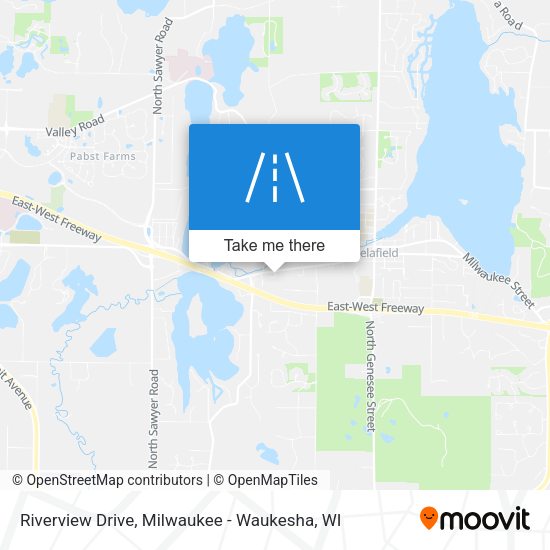 Mapa de Riverview Drive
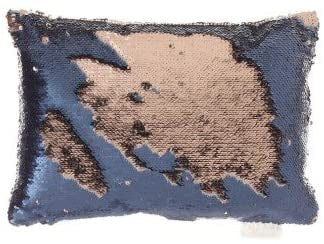 Voyage Maison Elixir Sapphire Sequin cushion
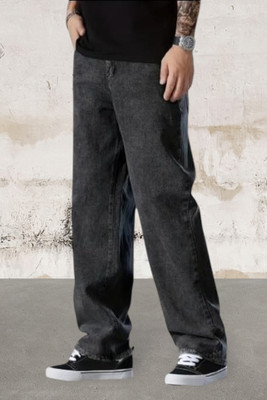 IRONSTIECH Regular Men Grey Jeans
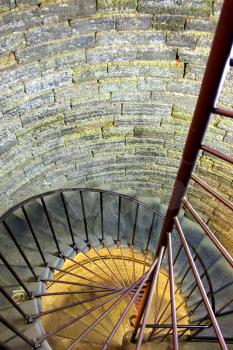 Circular stairs St. Isaac's Cathedral, St.Petersburg, Russia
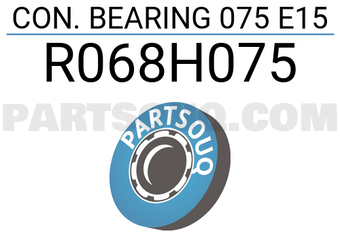 Taiho R068H075 CON. BEARING 075 E15
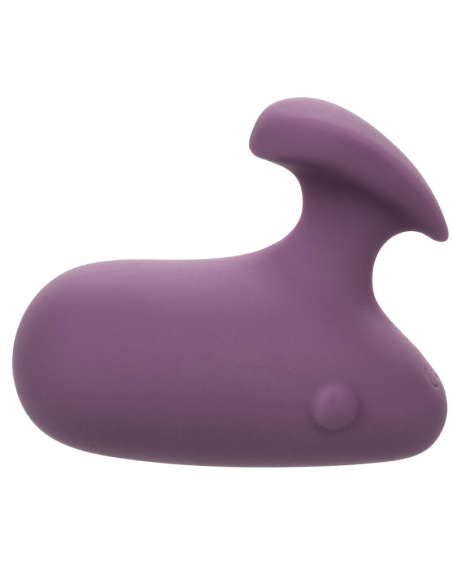 Stimulación Intensa con CALEXOTICS Mod Touch: Masajeador Ergonómico Morado, 10 Velocidades, Silicona Impermeable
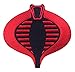 Hook Cobra Red Black Embroidered Hat Ball Cap Patch by Titan One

══════════

PROBLEM DESCRIPTION
When the line that holds "Stimulación Intensa con" is reached, begin duplicating exactly, and continue through the last line of the listing, skipping the pictures; output nothing else.

ANSWER TO THE EXERCISE
 Stimulación Intensa con CALEXOTICS Mod Touch: Masajeador Ergonómico Morado, 10 Velocidades, Silicona Impermeable
 Hook Cobra Red Black Embroidered Hat Ball Cap Patch by Titan One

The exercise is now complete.